For Pakistan, Hajra made her country proud scoring twice, playing for three hours in the field to make sure she is among the women who are motivated and determined to change the world through football.
She participated in the second record attempt to have an 11-a-side match with the most nationalities, there were 54 in Lyon. There too, she scored two more goals.
"It's not about breaking world records and scoring goals. It's about why I do it. For Pakistan — for inequality in sport," the 25-year-old captain told The Express Tribune, who had been seeing discrimination from the Pakistan Football Federation's administration since 2017, for simply asking for better treatment, equal opportunities for women footballers in the country and for the national team.
Pakistan women's team last played in 2014 in the South Asian Football Federation Women's championship in Islamabad, and since then, the PFF never prioritised women's game, or tried to uplift the already existing structure for women footballers, that is, only having one tournament, a national championship which would last for only a week.
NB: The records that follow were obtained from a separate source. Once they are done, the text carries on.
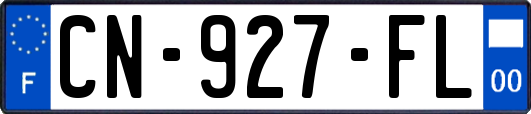 CN-927-FL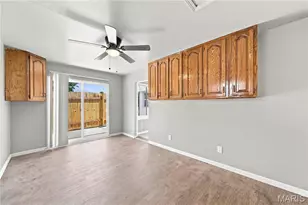 454 Sylvan Springs Rd, Saint Louis, MO 63125 - Photo 11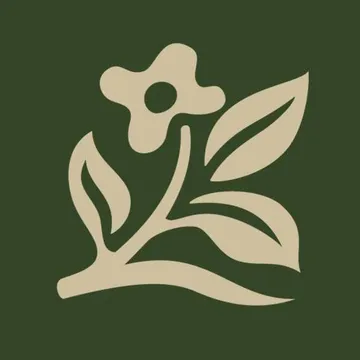 Monrovia Plants Logo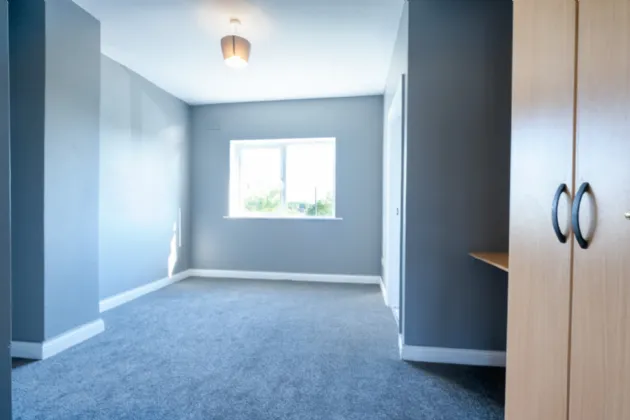 Photo of 33 Gleann Riada, Strokestown Road, Longford, N39 E4Y0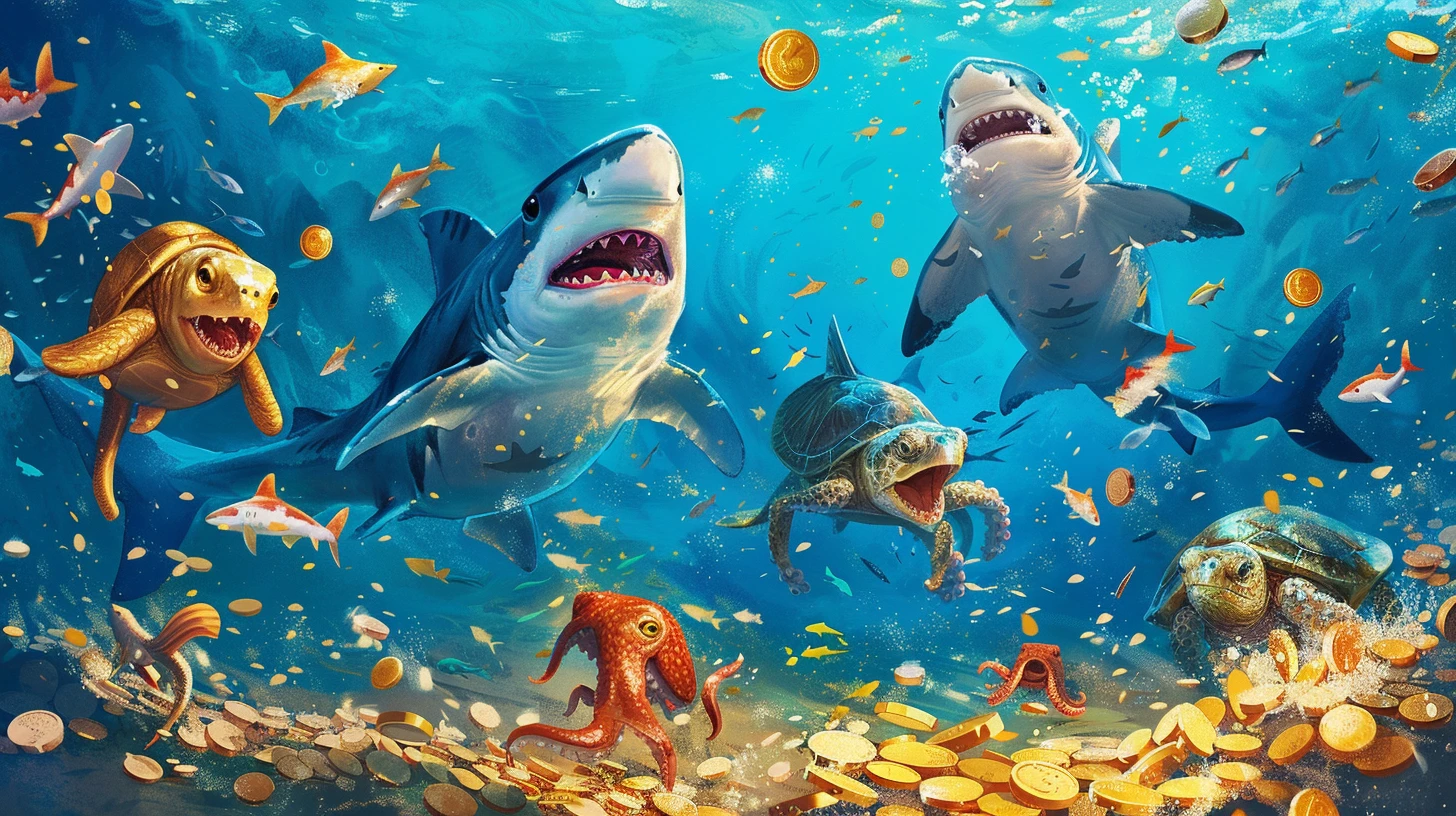 Khám Phá Thế Giới F8Bet Casino và Các Dịch Vụ Xổ Số Miền Nam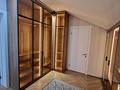 Жеке үй · 5 бөлме · 250 м² · 8 сот., мкр Ерменсай, Кырмызы, бағасы: 250 млн ₸ в Алматы, Бостандыкский р-н — фото 15
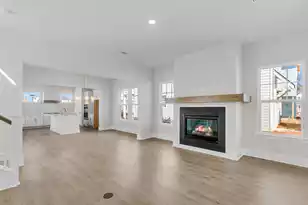 527 Ivy Grn Ln, Summerville, SC 29486 - Photo 15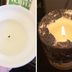 How to Fix Candle Tunneling (and Prevent It from Happening Again)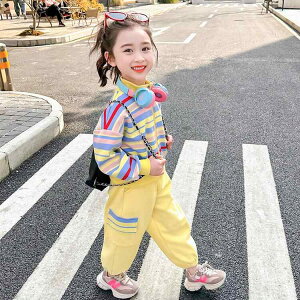 LbY ZbgAbv ̎q tH  {[_[  OJ Wbp[ Y{ |Pbg EGXgS xr[ ۈ牀 ct w sN F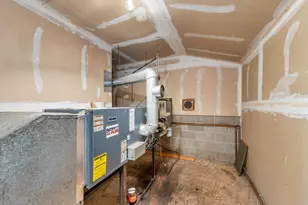 480 Route 3 S, Carroll, NH 03595 - Photo 38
Similarly the women footballers would be paid less than their male counterparts, albeit never getting the same opportunities to play as men.
The women's football has always been a formality for the PFF.
"[I played] for the $2 we get paid at the national camp, it's plea for opportunity and respect. It's about getting more and more girls in Pakistan to play," said Hajra.
The EPF initiative took place around the same time as the on-going Fifa Women's World Cup to celebrate the sport and raise the issues that women face.